- Germiston High School, Rand Airport Road Germiston, Elandsfontein 108-Ir, Johannesburg, 2043

Information
- Former name: Secondary School Germiston South
- Motto: Scientia et Humanitas (Science and Culture)
- Established: 10 September 1917
- Founder: Mr. C.R Harding
- School district: Ekurhuleni West
- Principal: Ms R. Goosen
- Website: germistonhs.co.za

= Germiston High School =

Germiston High School (established September 1917) is a South African English-medium government school based in Germiston, Gauteng.

==History==

The school was established in 10 September 1917 by Mr R.C Harding. The schools first name was Secondary School Germiston which served as a unisex school till the boys and girls were separated. The school was housed temporarily in the building today occupied by Germiston South School. In April of the following year the school became known as the High School Germiston

A start was eventually made in 1922, and the building was officially opened by the Administrator of Transvaal on 1 August 1923. There was opposition to the site by many residents of Germiston who complained that it was too far out of town! Colours were selected in 1917 but there was difficulty in obtaining them because of the Great War, and for the same reason, when they were obtainable, they were not of a very good quality.

Mr R.J. Johnson became headmaster in 1919, a position he occupied until 1924, when he was succeeded by Mr F.N. Gammidge.
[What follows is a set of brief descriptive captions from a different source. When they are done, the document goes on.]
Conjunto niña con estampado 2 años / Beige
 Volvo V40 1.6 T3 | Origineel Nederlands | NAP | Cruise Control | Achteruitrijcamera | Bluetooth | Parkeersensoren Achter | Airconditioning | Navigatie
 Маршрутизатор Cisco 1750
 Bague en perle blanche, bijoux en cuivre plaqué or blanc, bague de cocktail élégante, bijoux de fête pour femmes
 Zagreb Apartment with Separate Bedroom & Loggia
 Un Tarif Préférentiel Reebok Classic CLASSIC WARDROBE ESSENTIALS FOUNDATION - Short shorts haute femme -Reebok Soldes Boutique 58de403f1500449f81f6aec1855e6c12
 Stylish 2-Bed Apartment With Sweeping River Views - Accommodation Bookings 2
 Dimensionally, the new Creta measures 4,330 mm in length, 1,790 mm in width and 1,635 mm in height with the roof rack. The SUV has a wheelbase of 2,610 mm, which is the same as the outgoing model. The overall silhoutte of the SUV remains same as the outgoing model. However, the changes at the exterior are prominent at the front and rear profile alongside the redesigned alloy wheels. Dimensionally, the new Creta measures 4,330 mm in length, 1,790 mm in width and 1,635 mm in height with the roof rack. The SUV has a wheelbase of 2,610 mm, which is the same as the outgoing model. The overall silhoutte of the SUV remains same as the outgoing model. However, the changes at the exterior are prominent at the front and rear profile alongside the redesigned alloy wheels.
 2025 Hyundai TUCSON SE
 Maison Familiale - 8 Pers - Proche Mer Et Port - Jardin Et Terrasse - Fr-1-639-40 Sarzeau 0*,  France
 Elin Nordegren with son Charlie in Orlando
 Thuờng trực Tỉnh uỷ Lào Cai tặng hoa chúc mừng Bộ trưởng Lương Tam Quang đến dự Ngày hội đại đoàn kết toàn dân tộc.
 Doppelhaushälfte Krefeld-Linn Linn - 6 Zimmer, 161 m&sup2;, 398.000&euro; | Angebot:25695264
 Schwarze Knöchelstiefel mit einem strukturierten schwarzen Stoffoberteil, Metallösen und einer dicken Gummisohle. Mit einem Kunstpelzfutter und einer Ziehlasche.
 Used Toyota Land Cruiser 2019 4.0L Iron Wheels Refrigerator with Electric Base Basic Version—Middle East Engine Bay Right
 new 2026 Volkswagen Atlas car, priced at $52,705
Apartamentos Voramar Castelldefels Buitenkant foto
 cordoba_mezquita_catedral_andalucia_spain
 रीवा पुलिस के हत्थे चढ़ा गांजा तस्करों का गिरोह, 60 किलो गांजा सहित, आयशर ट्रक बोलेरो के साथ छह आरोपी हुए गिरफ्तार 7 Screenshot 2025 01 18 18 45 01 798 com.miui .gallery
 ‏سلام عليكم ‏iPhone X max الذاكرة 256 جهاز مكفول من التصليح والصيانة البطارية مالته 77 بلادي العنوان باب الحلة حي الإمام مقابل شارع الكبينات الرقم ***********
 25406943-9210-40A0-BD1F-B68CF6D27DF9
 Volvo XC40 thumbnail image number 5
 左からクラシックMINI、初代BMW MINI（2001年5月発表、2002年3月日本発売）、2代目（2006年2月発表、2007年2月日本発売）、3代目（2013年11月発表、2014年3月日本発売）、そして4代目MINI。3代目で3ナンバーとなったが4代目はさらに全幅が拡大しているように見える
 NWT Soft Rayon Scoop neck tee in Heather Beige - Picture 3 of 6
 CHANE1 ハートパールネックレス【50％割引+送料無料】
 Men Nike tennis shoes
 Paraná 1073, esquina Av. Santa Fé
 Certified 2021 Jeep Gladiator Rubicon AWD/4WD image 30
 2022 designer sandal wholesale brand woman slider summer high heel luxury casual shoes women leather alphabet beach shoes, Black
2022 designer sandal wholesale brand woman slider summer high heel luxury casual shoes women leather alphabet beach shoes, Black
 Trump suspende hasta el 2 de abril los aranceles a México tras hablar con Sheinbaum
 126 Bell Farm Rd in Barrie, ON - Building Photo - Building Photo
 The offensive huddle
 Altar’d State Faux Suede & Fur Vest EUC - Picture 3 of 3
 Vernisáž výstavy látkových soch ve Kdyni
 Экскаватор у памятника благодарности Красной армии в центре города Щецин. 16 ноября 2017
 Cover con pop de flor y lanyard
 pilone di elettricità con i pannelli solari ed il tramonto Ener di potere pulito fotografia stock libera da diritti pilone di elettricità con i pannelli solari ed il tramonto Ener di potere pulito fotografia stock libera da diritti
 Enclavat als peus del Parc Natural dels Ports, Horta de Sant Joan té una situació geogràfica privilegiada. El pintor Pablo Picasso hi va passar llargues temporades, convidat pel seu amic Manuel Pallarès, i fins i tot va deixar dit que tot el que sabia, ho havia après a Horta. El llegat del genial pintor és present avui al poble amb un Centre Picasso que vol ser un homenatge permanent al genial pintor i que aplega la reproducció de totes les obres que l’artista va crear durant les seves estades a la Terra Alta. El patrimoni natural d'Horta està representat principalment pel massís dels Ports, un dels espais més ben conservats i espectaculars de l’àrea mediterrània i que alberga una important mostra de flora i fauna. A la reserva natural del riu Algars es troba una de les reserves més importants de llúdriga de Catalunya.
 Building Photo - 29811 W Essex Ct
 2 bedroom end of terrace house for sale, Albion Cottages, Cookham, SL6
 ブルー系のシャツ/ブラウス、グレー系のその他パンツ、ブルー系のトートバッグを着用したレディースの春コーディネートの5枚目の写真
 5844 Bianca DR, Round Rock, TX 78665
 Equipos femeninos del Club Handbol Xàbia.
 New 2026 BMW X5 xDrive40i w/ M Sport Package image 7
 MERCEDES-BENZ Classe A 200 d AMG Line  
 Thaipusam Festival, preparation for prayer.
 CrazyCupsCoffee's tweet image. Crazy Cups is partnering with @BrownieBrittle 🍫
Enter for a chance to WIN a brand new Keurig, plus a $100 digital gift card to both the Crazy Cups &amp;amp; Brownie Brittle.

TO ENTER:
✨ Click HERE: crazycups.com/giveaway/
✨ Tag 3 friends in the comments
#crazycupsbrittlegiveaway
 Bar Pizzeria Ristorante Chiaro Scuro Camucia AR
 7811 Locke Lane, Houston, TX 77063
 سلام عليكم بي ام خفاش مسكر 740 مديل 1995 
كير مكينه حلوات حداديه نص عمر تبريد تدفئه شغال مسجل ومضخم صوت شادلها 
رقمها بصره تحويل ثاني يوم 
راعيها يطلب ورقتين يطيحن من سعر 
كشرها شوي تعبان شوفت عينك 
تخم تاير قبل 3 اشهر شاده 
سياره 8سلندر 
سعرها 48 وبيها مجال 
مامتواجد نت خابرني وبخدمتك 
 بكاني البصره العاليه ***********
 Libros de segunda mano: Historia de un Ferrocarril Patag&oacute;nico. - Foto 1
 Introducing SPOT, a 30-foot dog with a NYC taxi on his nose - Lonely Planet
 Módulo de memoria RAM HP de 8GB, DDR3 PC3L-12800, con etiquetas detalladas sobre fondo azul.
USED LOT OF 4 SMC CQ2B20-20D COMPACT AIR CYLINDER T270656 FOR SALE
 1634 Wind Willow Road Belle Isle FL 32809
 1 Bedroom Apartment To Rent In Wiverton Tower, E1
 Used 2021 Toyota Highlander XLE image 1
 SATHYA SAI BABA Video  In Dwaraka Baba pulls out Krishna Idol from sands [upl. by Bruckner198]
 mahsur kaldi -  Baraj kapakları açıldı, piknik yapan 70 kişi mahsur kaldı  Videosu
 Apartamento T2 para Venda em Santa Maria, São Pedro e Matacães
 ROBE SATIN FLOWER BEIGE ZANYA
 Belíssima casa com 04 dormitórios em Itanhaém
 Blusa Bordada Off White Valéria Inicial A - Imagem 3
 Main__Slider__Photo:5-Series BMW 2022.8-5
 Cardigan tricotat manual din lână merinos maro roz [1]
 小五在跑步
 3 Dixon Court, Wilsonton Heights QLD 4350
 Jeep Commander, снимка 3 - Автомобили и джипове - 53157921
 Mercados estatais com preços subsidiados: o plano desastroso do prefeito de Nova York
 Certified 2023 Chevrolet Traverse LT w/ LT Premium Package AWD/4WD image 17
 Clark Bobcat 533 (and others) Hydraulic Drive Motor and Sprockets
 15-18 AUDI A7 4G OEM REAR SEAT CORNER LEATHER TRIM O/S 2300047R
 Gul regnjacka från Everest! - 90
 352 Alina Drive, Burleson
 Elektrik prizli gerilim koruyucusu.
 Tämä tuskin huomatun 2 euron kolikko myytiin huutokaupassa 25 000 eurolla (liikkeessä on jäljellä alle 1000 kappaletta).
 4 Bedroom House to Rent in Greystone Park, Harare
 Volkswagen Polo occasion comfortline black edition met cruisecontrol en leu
At the beginning of the 1925 season, the school game was changed from soccer to "rugger", and during the same year the cadet detachment provided a guard of honour to the Prince of Wales, (later King Edward VIII) on his visit to Germiston.
Mr W. Main succeeded Mr Gammidge in 1934 and was headmaster throughout the war years. Mr H.C. Robinson was the incumbent after Mr Main, serving as headmaster from 1946 until 1960.

At the beginning of the 1950s, the Transvaal Education Department (TED) decided to separate the boys and girls. In 1951 the girls moved to Lambton, to the building is today occupied by Delville Laerskool.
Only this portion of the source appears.